* Task objective: Set down each line from the line holding "Volkswagen Polo 1.0 TSI 115 R-Line 5dr DSG" to the last line of the entries below, exactly, with both ends included and without pictures.

___ Extracted information ___

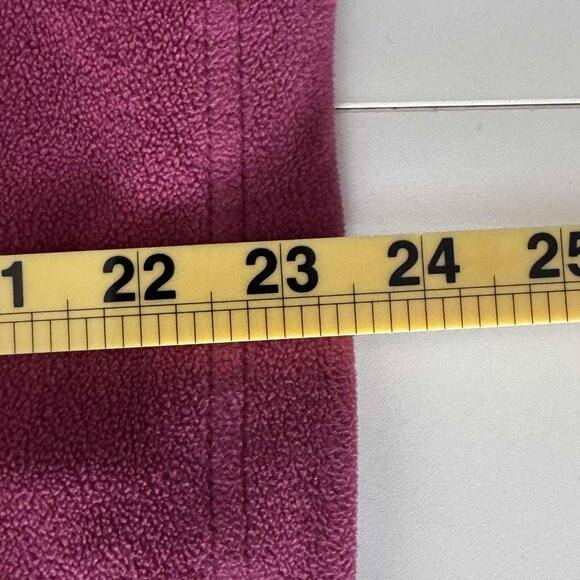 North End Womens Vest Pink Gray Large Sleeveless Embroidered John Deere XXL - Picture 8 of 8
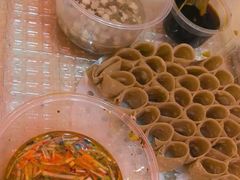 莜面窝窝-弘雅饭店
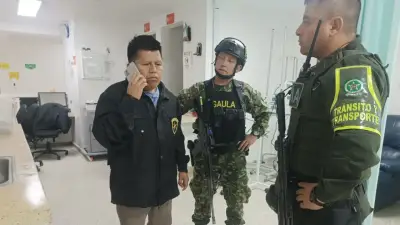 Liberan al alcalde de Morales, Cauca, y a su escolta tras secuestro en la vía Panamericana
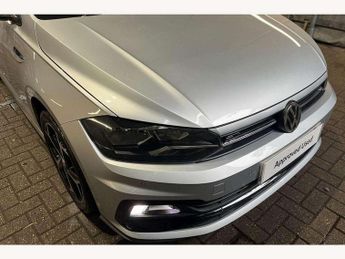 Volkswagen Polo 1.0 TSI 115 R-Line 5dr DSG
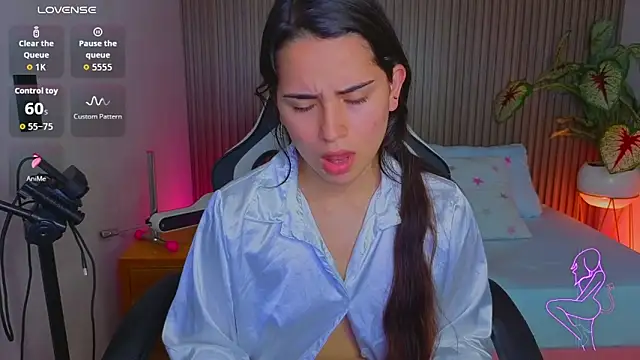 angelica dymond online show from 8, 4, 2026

___

* Response to the task:
 Volkswagen Polo 1.0 TSI 115 R-Line 5dr DSG
 angelica dymond online show from 8, 4, 2026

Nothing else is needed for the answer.